This weekend was spent at a nice resort; listening to the Army National Guard folks discuss the Family Readiness Groups (FRG.) We arrived late Friday night, too late to really see what the area looked like. Saturday morning we headed to breakfast at Army time.
Rhayn had an awesome time, they learned how to deal with stress with laughter, and the teenagers started a Laughter Club. There was discussion on how it wasn’t really “childcare” for the older kids. They were learning life lessons. She enjoyed it immensely.
We learned about all of the resources available to the Guardsmen and their families, before, during and after deployment. It was quite informative and I wish all soldier’s wives (and husbands) could hear the information I heard. Most of the people there were the FRG leaders and Commanders. I am not exactly sure why we went, I think Will’s commander wasn’t able to attend and thus sent someone in his place.

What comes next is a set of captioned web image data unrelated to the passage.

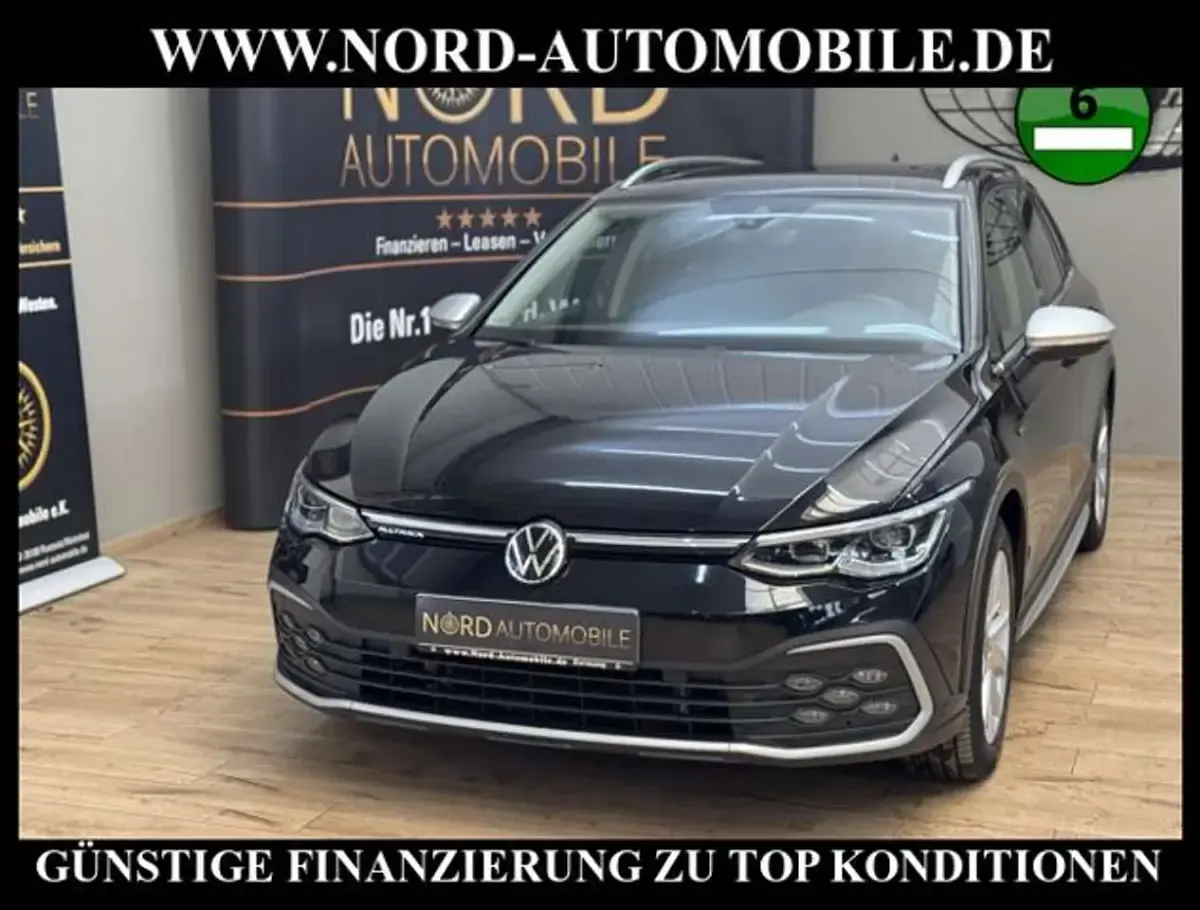 Gebraucht VW Golf Alltrack 200 PS (147 kW) 2022 Deep black perleffek (metallic) Kombi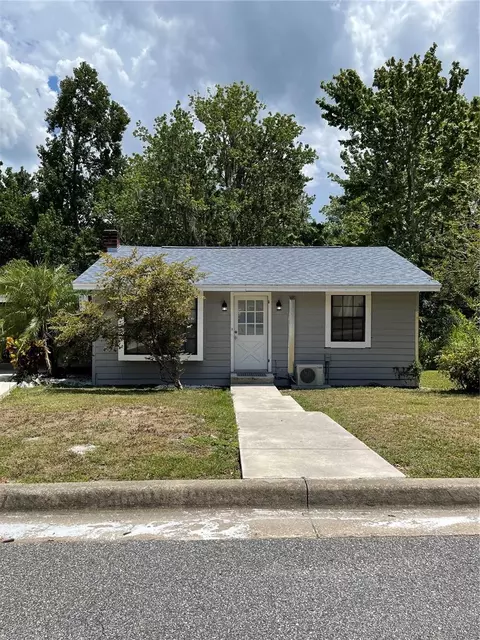 102 Vine St, Oviedo, FL 32765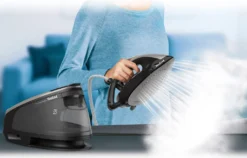Tefal Express Easy SV6140 Dampferzeuger Bügeleisen Bis Zu 30% * Weniger Zeit Zum Bügeln Efficint Perfekte Ergebnisse Leistungsstarker Dampfstoß Autonomie Vielseitig Anti-Scale Große -Smart Kitchen Store dda15589bbbba9f5f5c2bf056fbc141c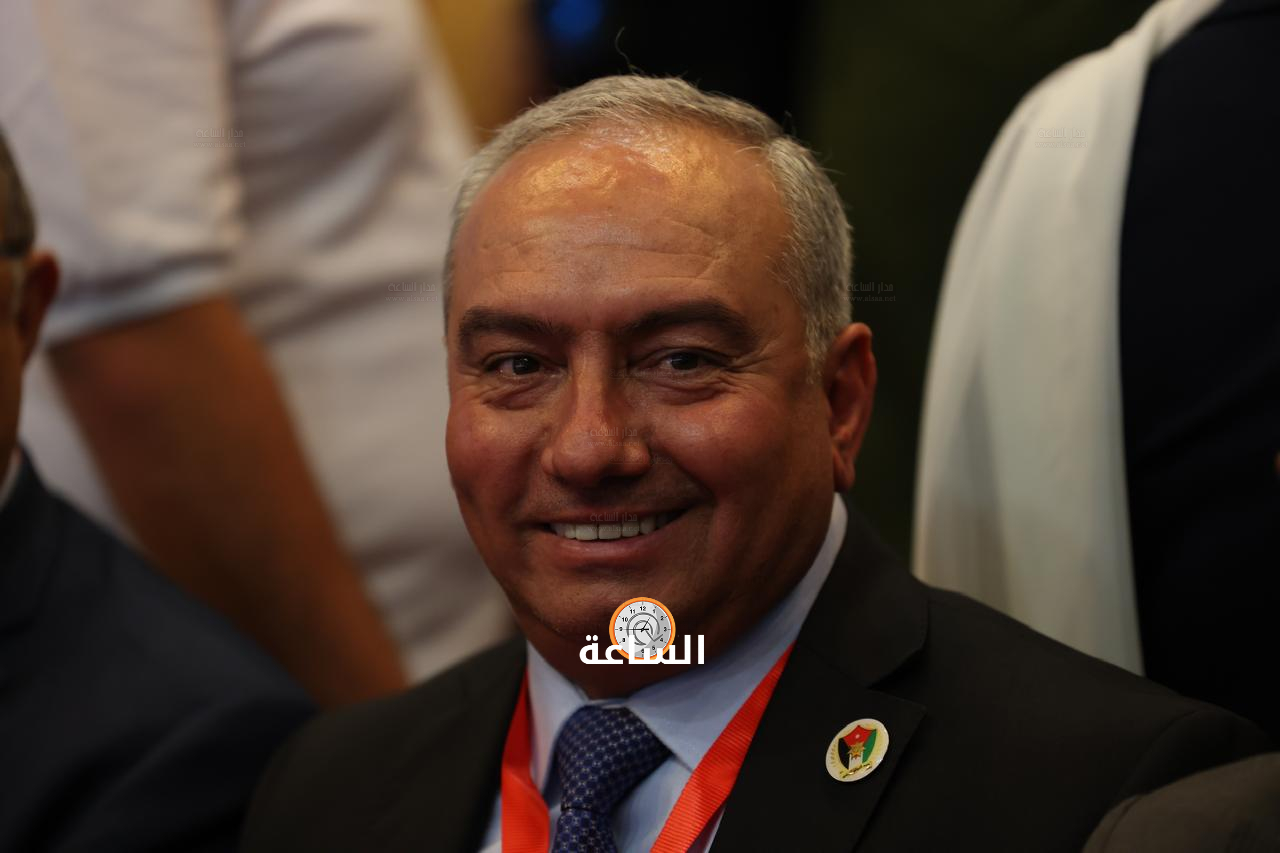 Madar Al-Saa Images 0.32471497530729576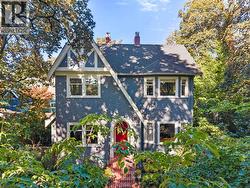 2527 W 37TH AVENUE  Vancouver, BC V6N 2T3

Aside from the good information that I learned this weekend, I was struck by the reality of war, the reality that my husband will be deployed. We will be forced to deal with his departed and vacancy but more difficult- his return. The women that were there spoke of difficulty reintegrating into a family unit, depression, PTSD, and many other issues. These were things I had not thought of. Our soldier husbands (and wives in some cases) leave and are forced to deal with things NO ONE should have to deal with, and then they return to a family who has no idea, a world that will not understand, and a life that seems surreal to them.
How do you pick up those pieces and put them back together?
How does the family become a functional unit again?
How do the husband and wife relearn communicate and work together after so much time apart?
I am scared nearly to tears about all of it. I spent most of this morning holding back so many emotions that I could not let go in front of those people. Every time they spoke of deployment I felt my heart fall, and my eyes water.
There was discussion about fathers coming home and how to reconnect with children who are scared of you, and afraid that you will just leave again. It was heart wrenching to imagine that my children will go through that. They will have to deal with not seeing and touching their dada, we’ll be able to talk to him, but not see him. He will miss birthdays, Christmas, milestones.
In a few months, he is supposed to go away for six months to a training class. It will be like a drill for deployment, although there will be parts that are not as hard, like he won’t be half a world away, just on the other side of the country. He won’t be in a war zone, and we will get to visit him once or twice. Still… he won’t be here. He won’t be able to just come home and watch the girls so that I can go out at night. But he will be safe.
As the sister of a deployed soldier, who is on his second tour, I have felt some of it already. I have seen changes in him, even though he is still Ender, he is different. He has seen and heard and felt so much, he will never be the naïve young man who left for his mission before Rhayn was born. I fear for his life whenever we watch the news and they say “Four soldiers killed in
I am so afraid, this war, this seemingly pointless war is killing off good men and women. Children will never know parents and all for what? I wish I saw some reason for it. I wish I knew the answer. What will we tell our girls when Daddy has to leave? At least it won’t be for a little while longer, but it will happen. It. Will. Happen. And I will be left to pick up pieces of a broken puzzle.